High Commissioner for Ceylon to India
- In office 1957–1963
- Preceded by: Edwin Wijeyeratne
- Succeeded by: Hamilton Shirley Amerasinghe

12th Inspector General of Police (Sri Lanka)
- In office 1947–1955
- Deputy: Osmund de Silva
- Preceded by: Ranulph Bacon
- Succeeded by: Osmund de Silva

Personal details
- Born: 23 May 1895
- Died: 22 December 1976 (aged 81)
- Spouse: Lucille née Moonemalle
- Children: Phyllis Sita, Ena de Silva
- Profession: Civil servant

= Richard Aluwihare =

Sri Lankan civil servant

Sir Richard Aluwihare, (23 May 1895 – 22 December 1976) was a Sri Lankan civil servant. He was the first Ceylonese Inspector General of Police and Ceylon's High Commissioner to India.
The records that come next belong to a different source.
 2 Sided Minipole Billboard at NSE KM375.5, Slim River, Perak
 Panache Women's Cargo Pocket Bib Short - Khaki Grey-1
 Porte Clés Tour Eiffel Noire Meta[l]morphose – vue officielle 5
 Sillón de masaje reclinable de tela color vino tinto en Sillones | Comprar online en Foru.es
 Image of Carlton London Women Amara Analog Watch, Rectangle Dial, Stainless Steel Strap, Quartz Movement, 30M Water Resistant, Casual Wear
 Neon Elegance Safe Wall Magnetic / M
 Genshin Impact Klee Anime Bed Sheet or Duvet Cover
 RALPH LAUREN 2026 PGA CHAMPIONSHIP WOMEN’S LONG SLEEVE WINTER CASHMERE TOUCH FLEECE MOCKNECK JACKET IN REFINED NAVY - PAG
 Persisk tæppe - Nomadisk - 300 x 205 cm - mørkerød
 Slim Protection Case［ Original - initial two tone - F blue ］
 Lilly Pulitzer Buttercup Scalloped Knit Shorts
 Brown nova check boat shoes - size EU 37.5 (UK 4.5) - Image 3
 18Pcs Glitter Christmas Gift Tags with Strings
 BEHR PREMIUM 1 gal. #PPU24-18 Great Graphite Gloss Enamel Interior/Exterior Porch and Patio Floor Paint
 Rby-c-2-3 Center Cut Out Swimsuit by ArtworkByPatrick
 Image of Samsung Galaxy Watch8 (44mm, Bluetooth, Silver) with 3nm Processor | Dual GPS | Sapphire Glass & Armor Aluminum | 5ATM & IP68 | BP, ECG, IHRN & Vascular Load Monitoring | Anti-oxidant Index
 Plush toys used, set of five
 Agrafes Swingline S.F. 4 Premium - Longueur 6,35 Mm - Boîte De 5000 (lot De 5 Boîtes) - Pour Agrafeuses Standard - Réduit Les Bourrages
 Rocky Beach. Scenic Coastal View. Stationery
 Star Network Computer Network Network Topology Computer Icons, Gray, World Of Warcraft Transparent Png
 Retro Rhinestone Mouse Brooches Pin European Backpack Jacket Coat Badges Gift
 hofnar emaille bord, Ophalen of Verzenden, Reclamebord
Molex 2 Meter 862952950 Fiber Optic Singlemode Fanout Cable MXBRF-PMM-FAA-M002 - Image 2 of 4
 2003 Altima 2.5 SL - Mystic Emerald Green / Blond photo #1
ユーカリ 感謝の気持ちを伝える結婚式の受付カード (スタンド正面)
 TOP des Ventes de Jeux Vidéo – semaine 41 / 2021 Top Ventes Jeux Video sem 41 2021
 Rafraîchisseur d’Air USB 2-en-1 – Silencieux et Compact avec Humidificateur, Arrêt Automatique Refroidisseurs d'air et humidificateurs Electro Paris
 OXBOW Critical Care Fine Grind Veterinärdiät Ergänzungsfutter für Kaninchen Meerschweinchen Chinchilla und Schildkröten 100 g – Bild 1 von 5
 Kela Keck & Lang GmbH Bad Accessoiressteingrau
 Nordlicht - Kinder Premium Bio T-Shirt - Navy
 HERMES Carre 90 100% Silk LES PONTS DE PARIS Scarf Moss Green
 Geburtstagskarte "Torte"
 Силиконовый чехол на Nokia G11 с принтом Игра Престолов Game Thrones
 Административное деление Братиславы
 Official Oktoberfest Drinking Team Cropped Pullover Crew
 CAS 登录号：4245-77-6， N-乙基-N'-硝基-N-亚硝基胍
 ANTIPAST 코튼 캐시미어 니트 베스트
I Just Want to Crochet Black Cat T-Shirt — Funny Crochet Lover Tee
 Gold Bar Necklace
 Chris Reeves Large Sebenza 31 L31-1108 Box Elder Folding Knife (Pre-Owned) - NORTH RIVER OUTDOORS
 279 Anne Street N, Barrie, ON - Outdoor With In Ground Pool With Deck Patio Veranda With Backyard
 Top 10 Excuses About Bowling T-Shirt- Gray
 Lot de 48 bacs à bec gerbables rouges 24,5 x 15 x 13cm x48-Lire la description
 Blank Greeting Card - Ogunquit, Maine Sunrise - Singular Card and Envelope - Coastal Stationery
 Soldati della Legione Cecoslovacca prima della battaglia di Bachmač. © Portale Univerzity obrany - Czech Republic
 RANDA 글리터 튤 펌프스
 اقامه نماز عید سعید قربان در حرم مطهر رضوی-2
==Early life and education==
Richard Aluwihare was born on 23 May 1895, the son of T. B. Aluwihare and Panabokke Tikiri Kumarihamy, daughter of Panabokke Dissawe. His younger brother, Bernard (1902 - 1961), was a Sri Lankan Cabinet Minister and Member of Parliament from Matale. Aluwihare was educated at Christ Church College, Matale and Trinity College, Kandy. At Trinity College he was a Senior Prefect, won the Ryde Gold Medal and the Trinity Lion for cricket in 1915.

==Military service==
With the outbreak of World War I, he enlisted in the British Army serving in the Middlesex Regiment at Flanders, 1916 and was severely wounded in the Battle of the Somme. He returned to Ceylon in 1920. He was the Secretary to the Kandyan deputation on constitutional reforms that was sent to England.

==Civil service career==
In October 1920, he was appointed to the Ceylon Civil Service as a cadet by the Governor of Ceylon under special war service and was attached to the Jaffna Kachcheri in October 1921. In February 1922 having passed his civil service examinations, he was appointed Office Assistant to the Director of Agriculture and Assistant Registrar Cooperative Societies. In October 1923 he was posted as Acting Police Magistrate, Dandagamuwa. Promoted to Officer of Class 4, he was posted as Police Magistrate in Point Pedro in November 1923 and Police Magistrate Panadura in November 1924. Promoted to Officer of Class 3, he was appointed Second Landing Surveyor, HM Customs in 1926, Commissioner of Requests, Additional District Judge, Additional Police Magistrate, Kandy and Additional District Judge, Kegalla in 1928; Assistant Settlement Officer in 1929 and District Judge, Nuwara Eliya in 1931. Promoted to Officer of Class 2 in 1932, he was attached to the General Treasury in 1934 and was appointed Controller of Finance and Supply. In 1937, he was appointed Assistant Government Agent, Kegalla and in 1939 he was attached to the HM Customs as Deputy Collector of Customs, Colombo. In December 1941 he was appointed acting Government Agent, North Central Province. Promoted to Officer of Class 1, in January 1944, he was appointed Government Agent, Central Province in 1946.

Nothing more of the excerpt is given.